Law as Algae
One of the many brilliant things that Google indexing has created is something known as the Web 1T 5-gram corpus made available for scholars via the Linguistic Data Consortium at the University of Pennsylvania.
Very roughly stated, as I understand it, n-grams have to do with the frequency with which one unit in a language is followed by another unit — e.g. how many times in a given body of text is the word “love” followed by the word “fifteen,” and what, then, is the predictability of this 2-gram occuring when “love” occurs. You can see how Google would be interested in this, because it relates directly to suggested search terms, among other things.
Google’s “5-gram corpus” — the body of all one-, two-, three-, four- and five-word units — contains 1,176,470,663 five-word sequences that appear at least 40 times. A recent Language Log entry talked about common 5-word sequences on the Web, as discovered from this corpus. Turns out that of the top 21 commonest sequences, 18 are patches of legal boilerplate. What follows is the list of items, with the number of occurrences after each item:
Use of this Web site 19678811
of this Web site constitutes 19703371
this Web site constitutes acceptance 19723554
Web site constitutes acceptance of 19724386
eBay User Agreement and Privacy 19807811
the eBay User Agreement and 19808132
acceptance of the eBay User 19850253
of the eBay User Agreement 19850627
constitutes acceptance of the eBay 19850700
Designated trademarks and brands are 20820815
User Agreement and Privacy Policy 20917050
trademarks and brands are the 20975334
and brands are the property 21113548
brands are the property of 21139112
site constitutes acceptance of the 21556427
this result in new window 24059811
Open this result in new 24059963
the property of their respective 24891265
are the property of their 24938581
property of their respective owners 25640531
Clearly, when it comes to law, you can run but you can’t hide. Tens of millions of faintly useful cant phrases muttered in tiny print like superstitious charms constitute the white noise of the web. Legal language fit only to be “honoured in the breach” spreads like algae. The law’s contribution to the new medium seems to be pollution.

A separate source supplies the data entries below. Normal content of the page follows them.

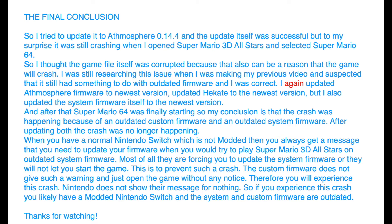I updated the Atmosphere firmware to the newest version, updated Hekate to the newest version, but I also updated the system firmware itself to the newest version. And after that Super Mario 64 was finally starting. So my conclusion is that the crash was happening because of an outdated custom firmware and an outdated system firmware. After updating both, the crash was no longer happening.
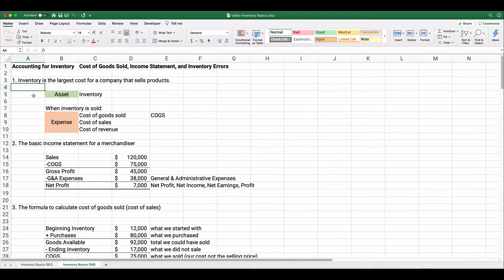Hello and welcome. I'm Jeff from Finally Learn, and today we're going to talk about inventory — the very first video of the basics of inventory. We're going to talk about cost of goods sold and the income statement, and what happens if we have inventory errors.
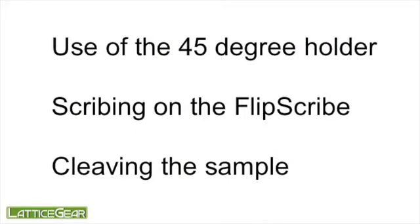In this video we will review the use of a 45 degree holder, scribing a sample on the flip scribe at 45 degrees, and cleaving the sample.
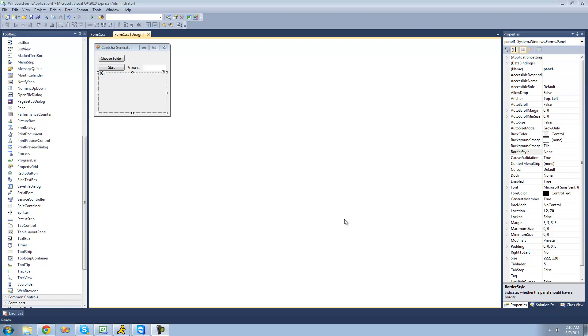Hey guys, welcome to the 181st C# tutorial that I'm making for the new Boston. And in this tutorial, we're going to continue working on our CAPTCHA Generator project.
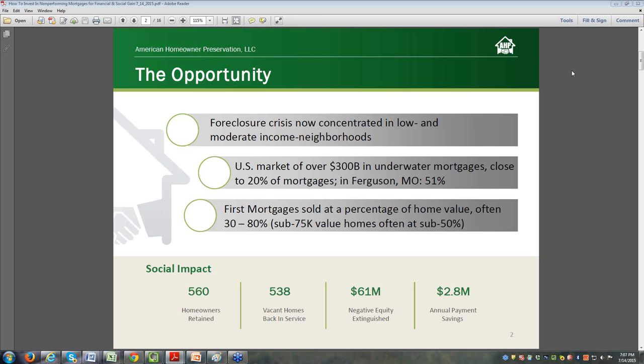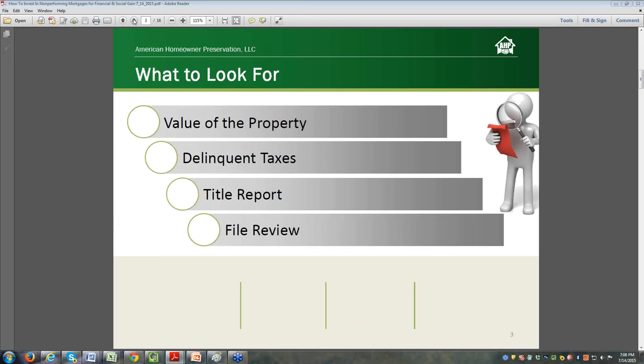Despite someone maybe owing a hundred thousand dollars, if the home is worth fifty thousand, that loan is likely going to be sold as a percentage of the home value. Everyone's going to bid off the home value, and that is often thirty to eighty percent. If you're working in the sub-seventy-five value homes such as AHP, you're often bidding at under fifty percent.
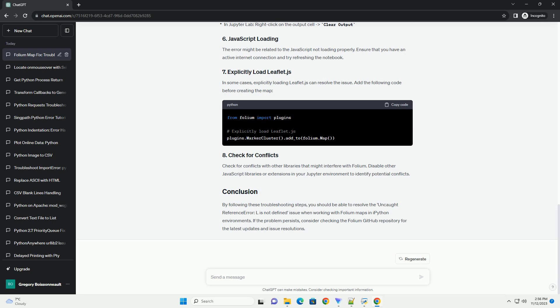The order of imports is crucial. Ensure that you import folium before any code that uses it. The following order is recommended.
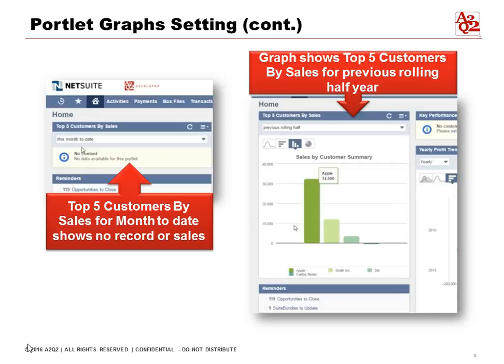Here are the portlet graph settings showing two different graphs. The first is sales by customer for the month to date — if there's no record, it will say 'no data available.' The second graph shows the top five customers by sales for the previous rolling half year, and you can set it as a bar graph, chart, or whatever way you want to view the graph and its information.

These boilerplate phrases just beg to be made into a “5-gram corpus” haiku. I tried, but found the words to contain too many syllables, alas.
I know what you mean, Meg. There’s a found poetry feel about them, probably because they’re so devoid of context.
If you fiddled with the phrases you could get:
use of this website
acceptance of the eBay
open this result
Hardly Basho, I’m afraid.